National Institute of Standards and Technology (NIST): NIST is a measurement standards laboratory. Even though it is part of the U.S. Department of Commerce, it is a non-regulatory organization. It provides measurements and standards for technology, including cybersecurity. Much as with ISO, standards from NIST can be used to certify products and services, or they can be used simply to improve quality.

These two organizations and various others have published many security standards and frameworks. While any of them can be used to create a security policy, the two most common ones in use today—and the ones most relevant to the exam—are ISO/IEC 27001/27002 and NIST Cyber Security Framework (CSF).

ISO/IEC 27001, “Information Security Management Systems—Requirements”: This standard provides the specifications for an information security management system and can be used as the framework for an organization’s security policy. If an organization implements the standard and is compliant with all requirements, it can apply to be audited and certified. Certification is not mandatory, and the standard can also be used only as a reference framework for a security policy.

ISO/IEC 27002, “Code of Practice for Information Security Controls”: This standard outlines the best practices for implementation of a very comprehensive list of controls in information security. It is used to implement the controls identified in a security policy. The standard is based on the principles of confidentiality, integrity, and availability (CIA), which are considered cornerstones of security:

Confidentiality defines the capability to ensure that information in all its states is accessible only by authorized users. This is the most important and obvious aspect of a security system and also what most attackers aim to breach. Unauthorized access to information is the single biggest intent behind most attacks. Use of encryption and authentication are two primary ways to ensure confidentiality. For example, if data is not encrypted in transit, it can be captured on the wire using man-in-the-middle (MITM) attacks, resulting in loss of confidentiality.

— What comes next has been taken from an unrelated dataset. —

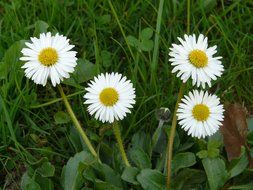 four white daisies in the green grass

Integrity defines the need to prevent unauthorized modification of information and systems in any state. Breached integrity is as bad as breached confidentiality. Encryption and authentication are also used to ensure integrity. Continuing the previous example, during a successful MITM attack, the attacker can not only breach confidentiality but also choose to modify information in transit—which results in loss of integrity as well.

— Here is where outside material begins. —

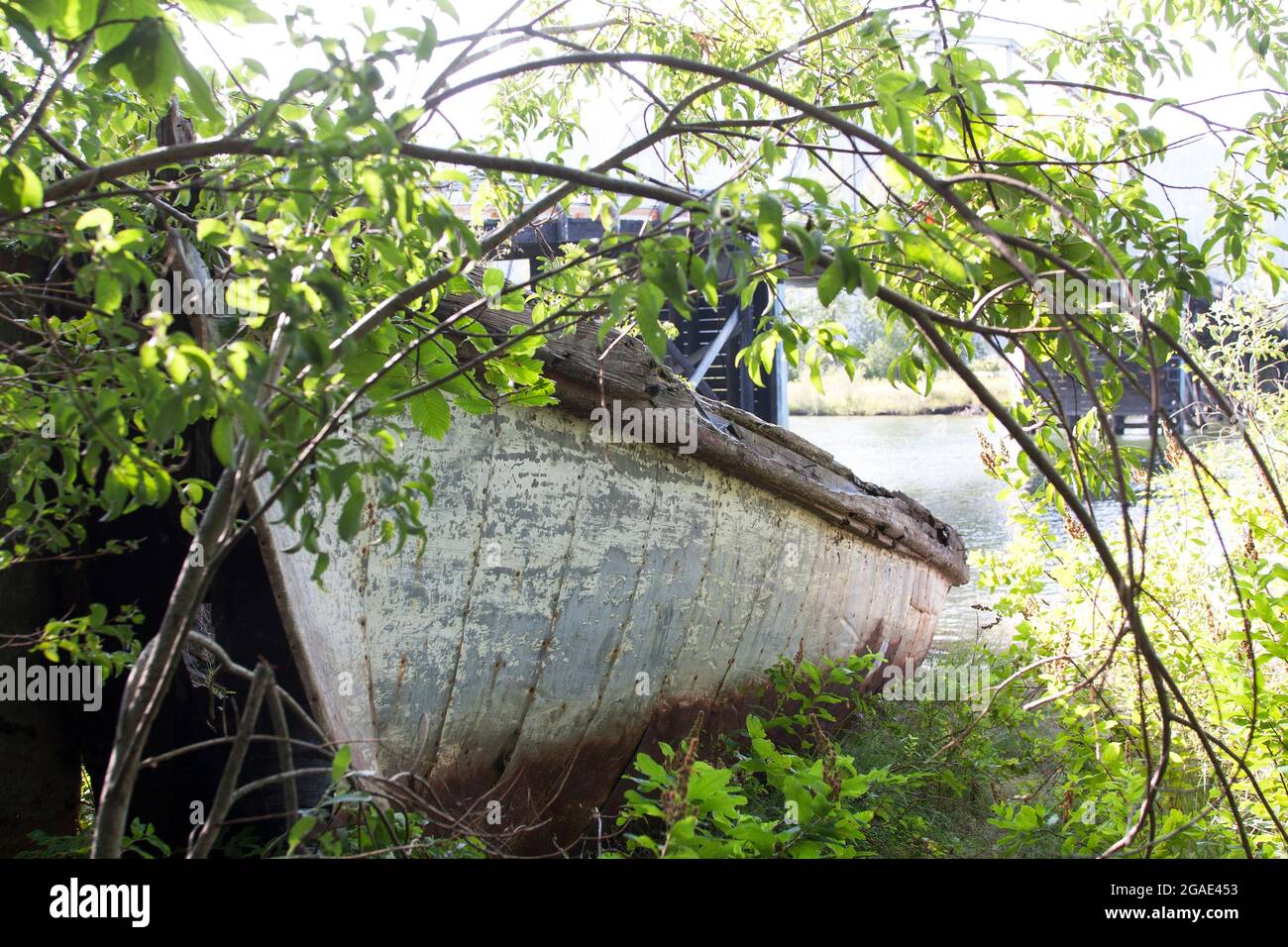 The hull of a discarded rowboat is overgrown by bushes along the shore's edge and falling into ruin. Stock Photo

Availability defines the need to prevent loss of access to information or to a system. Information should always be readily available to authorized users. DoS or the larger-scale DDoS attacks are common methods that attackers use to disrupt availability.

The latest revision of the ISO/IEC 27002 standard, published in 2013, is divided into 19 sections. The first 5 are introductory:

0. Introduction

1. Scope

2. Normative references

3. Terms and definitions

4. Structure of This Standard

The remaining 14 sections describe different security control types and their objectives:

5. Information Security Policies

6. Organization of Information Security

7. Human Resource Security

8. Asset Management

9. Access Control

10. Cryptography

11. Physical and Environmental Security

12. Operations Security

13. Communications Security

14. System Acquisition, Development and Maintenance

15. Supplier Relationships

16. Information Security Incident Management

17. Information Security Aspects of Business Continuity Management

18. Compliance

Going into detail about the sections of ISO/IEC 27002:2013 is beyond the scope of this book, as well as the CCIE exam, but it is important to map out what Cisco products and technologies can be used to implement controls described in some of the relevant sections. Table 1-1 lists relevant sections and Cisco products that can be used to implement controls specified in those sections. It is important to remember that the standard deals with a complete information security system and its management, so network security is only a part of it.

Table 1-1 ISO/IEC 27002:2013 and Cisco Security Products

It is important to understand that the CSF does not provide a list of specific security controls that an organization should implement. It only provides a common set of activities that an organization can use to identify and mitigate its risk. It draws on and references other standards, such as ISO 27002, for recommending controls.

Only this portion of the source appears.